• _WHAT YOU SHOULD DO_: Restate the data exactly as given and keep the pictures out.

[Crawled caption data]

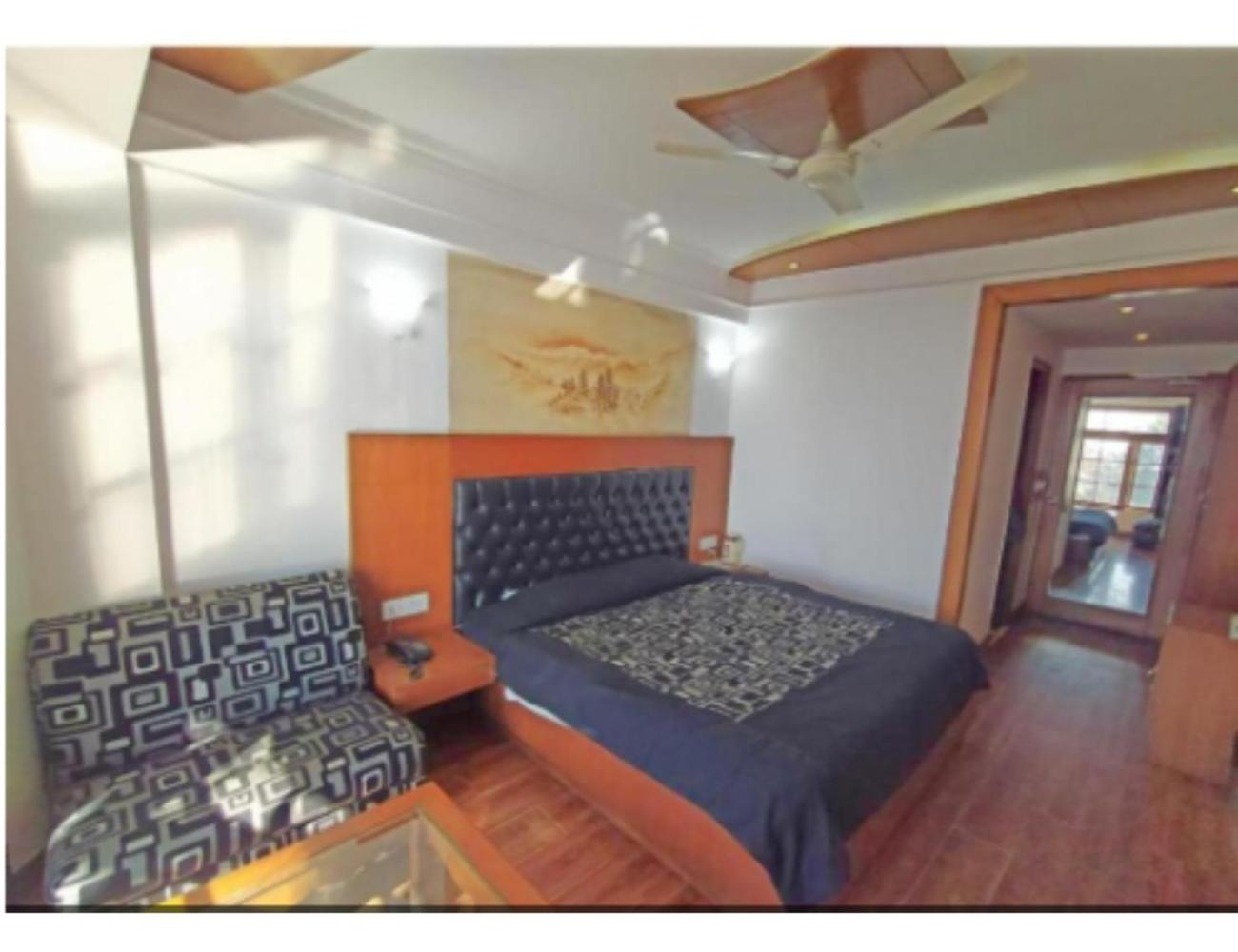 Hotel Horizon Near Picture Palace Bus Stand, Mussoorie Extérieur photo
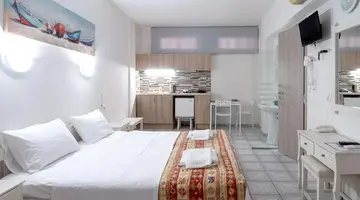 ARISTO APARTMENTS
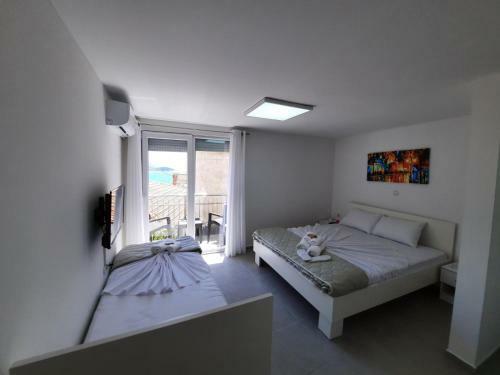 Redex Apartments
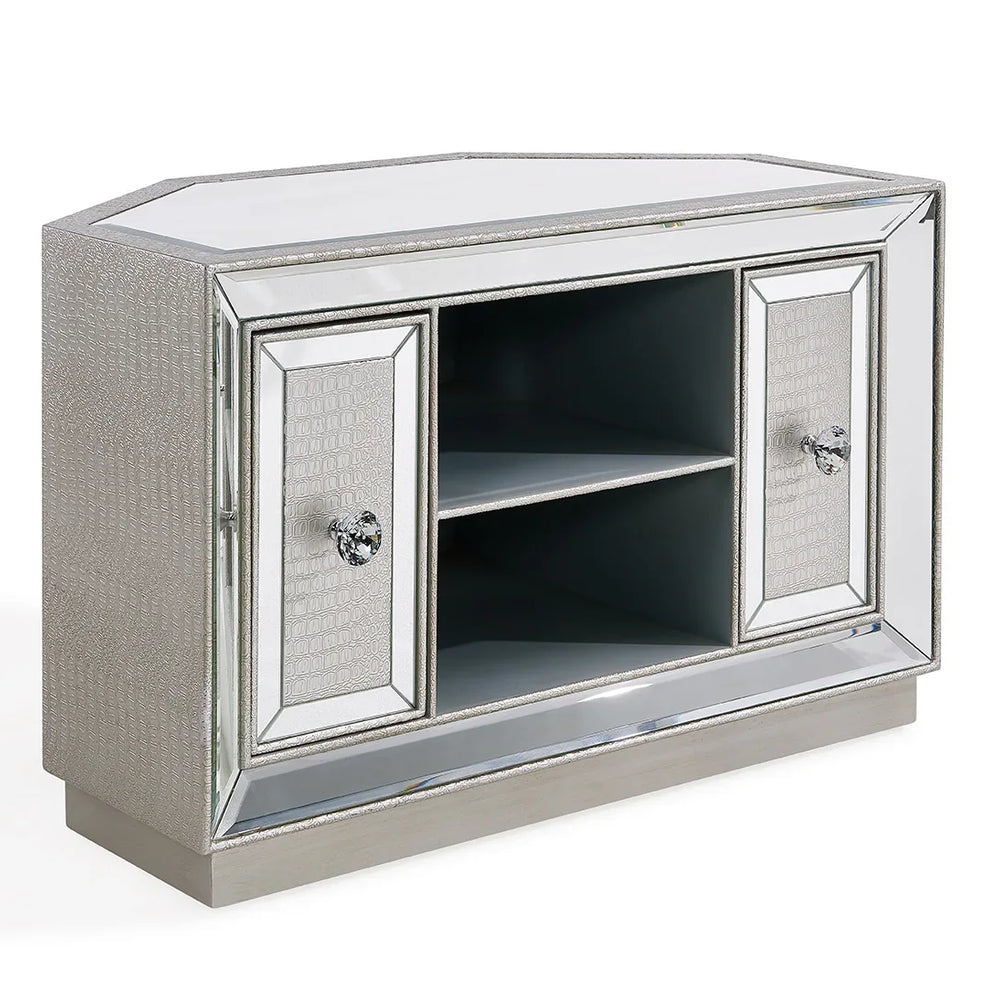 Sofia Corner TV Unit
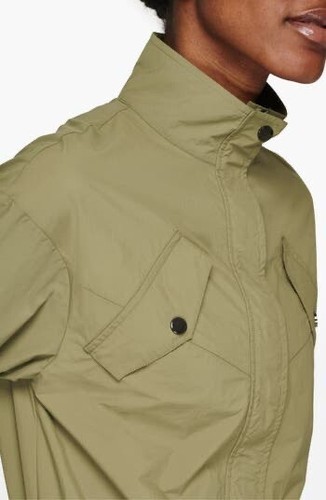 Neu Sweaty Betty Interstellar Boilersuit in Moosgrün Größe S Einzelhandel 168 $ - Bild 5 von 12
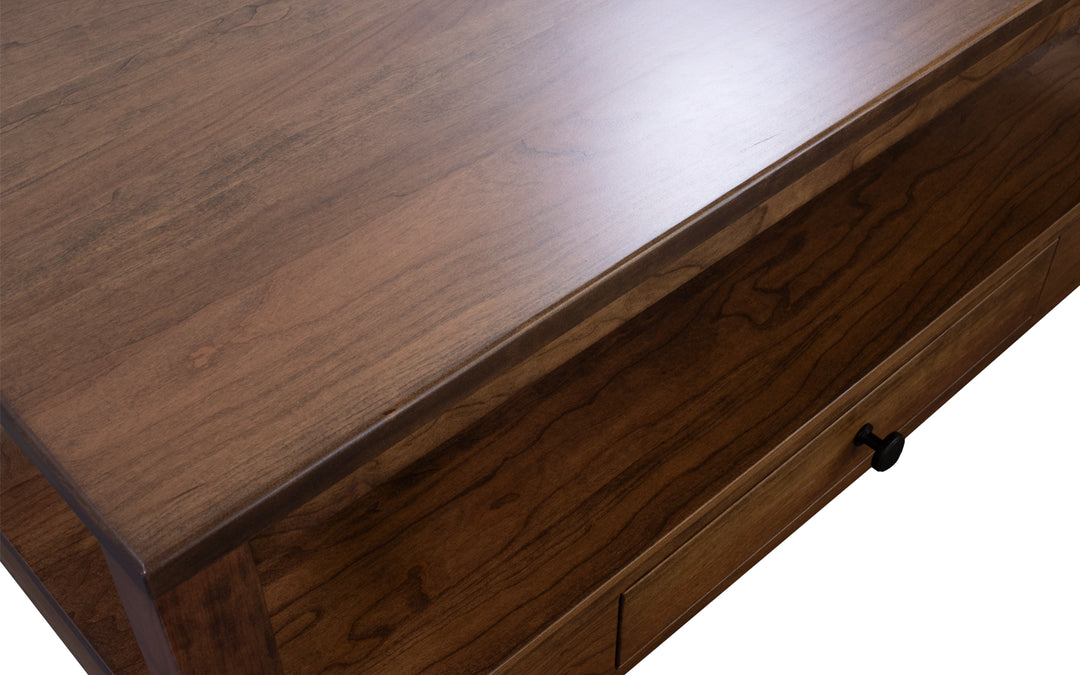 Sap Cherry Coffee Table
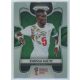 2017-18 Panini Prizm World Cup Soccer Base Silver #276 Idrissa Gueye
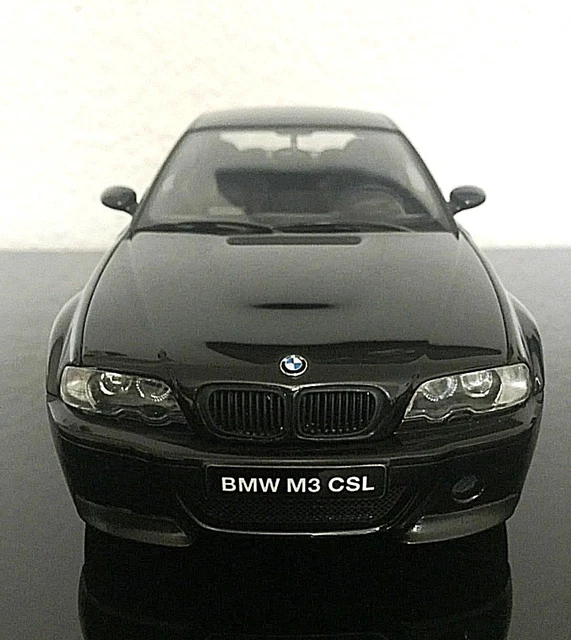 京商 BMW M3 Coupe ブラック 1/18スケール ミニカー Y0955 京商 BMW M3 Coupe ブラック 1/18スケール ミニカー Y0955（1/18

• _EXERCISE ANSWER_:
 Hotel Horizon Near Picture Palace Bus Stand, Mussoorie Extérieur photo
 ARISTO APARTMENTS
 Redex Apartments
 Sofia Corner TV Unit
 Neu Sweaty Betty Interstellar Boilersuit in Moosgrün Größe S Einzelhandel 168 $ - Bild 5 von 12
 Sap Cherry Coffee Table
 2017-18 Panini Prizm World Cup Soccer Base Silver #276 Idrissa Gueye
 京商 BMW M3 Coupe ブラック 1/18スケール ミニカー Y0955 京商 BMW M3 Coupe ブラック 1/18スケール ミニカー Y0955（1/18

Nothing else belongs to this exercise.